Exploring the “American Primitive” with Mary Oliver

Where I come from, as far as the eye can see, there are houses. Rows and rows of houses all neatly organized on a grid, creating the suburban city of San Jose. Growing up, playing outdoors wasn’t a thing. Much of my youth was spent indoors with my butt planted firmly in my mother’s leather office chair, eyes fixated on the monitor in front of me. This fascination with technology, coupled with my ridiculously annoying allergies, placed a great strain on my relationship with nature. In today’s fast-paced technology-driven world, there isn’t time to stop and smell the roses.

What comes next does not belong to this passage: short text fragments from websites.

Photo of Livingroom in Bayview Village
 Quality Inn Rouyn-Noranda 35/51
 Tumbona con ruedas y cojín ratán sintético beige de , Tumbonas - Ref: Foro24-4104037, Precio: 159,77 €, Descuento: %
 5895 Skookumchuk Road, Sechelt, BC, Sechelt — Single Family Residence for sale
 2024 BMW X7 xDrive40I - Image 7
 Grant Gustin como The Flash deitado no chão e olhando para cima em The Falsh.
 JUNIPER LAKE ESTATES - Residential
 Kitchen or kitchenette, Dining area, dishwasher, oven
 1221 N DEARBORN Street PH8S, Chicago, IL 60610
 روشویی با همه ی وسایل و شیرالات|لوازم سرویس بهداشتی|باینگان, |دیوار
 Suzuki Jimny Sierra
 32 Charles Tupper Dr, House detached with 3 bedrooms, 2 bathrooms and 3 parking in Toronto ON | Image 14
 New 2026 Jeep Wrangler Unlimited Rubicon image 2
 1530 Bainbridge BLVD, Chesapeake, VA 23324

Born and raised in the semi-rural suburb of Maple Heights, Ohio, Mary Oliver lived a much different life. A simpler life set in a simpler time. In the 1930s and 1940s, children played games under the sun and explored the woods near their houses. Parents left their doors unlocked at night because, after all, they knew everyone else in the neighborhood.

It is the daily happenings of this retrospective reality that Mary Oliver writes about in her Pulitzer Prize winning fifth collection of poems, American Primitive. Where other contemporary poets write about the now and the struggles we face today, Oliver reminisces about her childhood, drawing inspiration from it and writing about children, nature, and animals.

When assigned to read this collection by my English professor, I quite frankly wasn’t enthused. The prospect of reading dozens of poems about prickly bushes and furry squirrels didn’t have quite the appeal that the race and class conscious works of Sandra Cisneros or the poignant memoir-like poems of Yusef Komunyakaa had for me. So it came as a surprise to me that Oliver’s poetry resonated so much with me, someone who had no loving relationship with the very nature (pun intended) of her collection.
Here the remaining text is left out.